CCC: What was it like for you in 1995, as an African American man writing realistic stories about African American families in the very white realm of children’s book publishing? How has (or hasn’t) the industry changed over the course of your career? In 2000 you were the first African American man to win the Newbery Medal (first awarded in 1922). How did that change your life?
Christopher Paul Curtis: It never occurred to me in 1995 that I was “writing realistic stories about African American families in the very white realm of children’s book publishing.” But that’s a pretty apt description of what I was doing. It’s good that I wasn’t thinking in those terms because I might have realized what a daunting task that would be and I might have waved the white flag. Unfortunately, twenty years later, it’s still a daunting task. Despite sincere efforts on many fronts to make the publishing world more inclusive and a better reflection of our world, there is a dearth of novels for, by, or about anyone other than the white mainstream. But that’s not something that is exclusive to publishing; it’s the great Gordian knot of American history. My effort, and the efforts of many other writers of fiction for young people, is, to paraphrase Jacqueline Woodson and Rudine Sims Bishop, to simply hold a mirror so that I can reflect the readers’ faces back onto them and point out a window so the “others” can look through and see we’re not so frightening after all.

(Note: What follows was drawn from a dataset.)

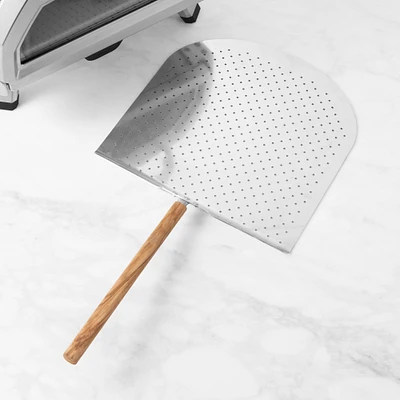 Williams Sonoma Olivewood Pizza Peel with Metal Head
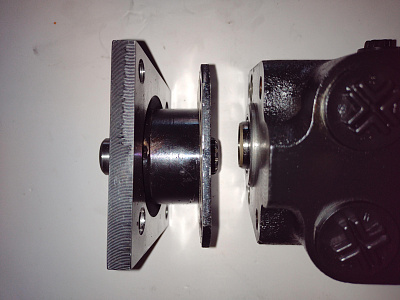 Комплект для замены насоса-дозатора У245006.00 (1000 см3)(DOC 800BF + проставка SAD + приставка Д00.02.01.400-01СБ (короткая)) - Gidrorul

CCC: What do you hope your readers will know or feel when they finish one of your books?
Christopher Paul Curtis: My biggest hope is that my younger readers will feel a sense of curiosity when they finish one of my books. I hope I’ve piqued their interest in whatever I’m writing about and that will lead them to further investigation of the subject. Ideally, they’ll seek out a nonfiction book and see where my story sits historically. With readers of all ages, I think it’s crucial that they be entertained and feel empathy with my characters. Writing is a grand act of manipulation, and writers have so many tools at our disposal to influence readers. We have time. We can go over something again and again until we get it as close to right as we can tolerate. We have access to great books that have come before, which are storehouses of knowledge of craft. We have access to older, wiser human beings who are a treasure of minute historical details. There is a saying that with the death of every senior the world loses another library. If we act quickly enough, writers have access to those libraries. We have access to our own experiences and we have the fact that these experiences are filtered through the prisms of our lives, which make the story our own. With all of that working for me as a writer, with all of those tools on my side, I hope most of all that my readers enjoy the stories and learn something to boot. I believe when a reader picks up a book, he or she is entering into a contract with a writer, one in which they agree to suspend disbelief long enough and just enough that they can be moved by the artificial construct that is a novel. I hope my readers have faith enough in me to feel I’ve fulfilled my end of the contract with them.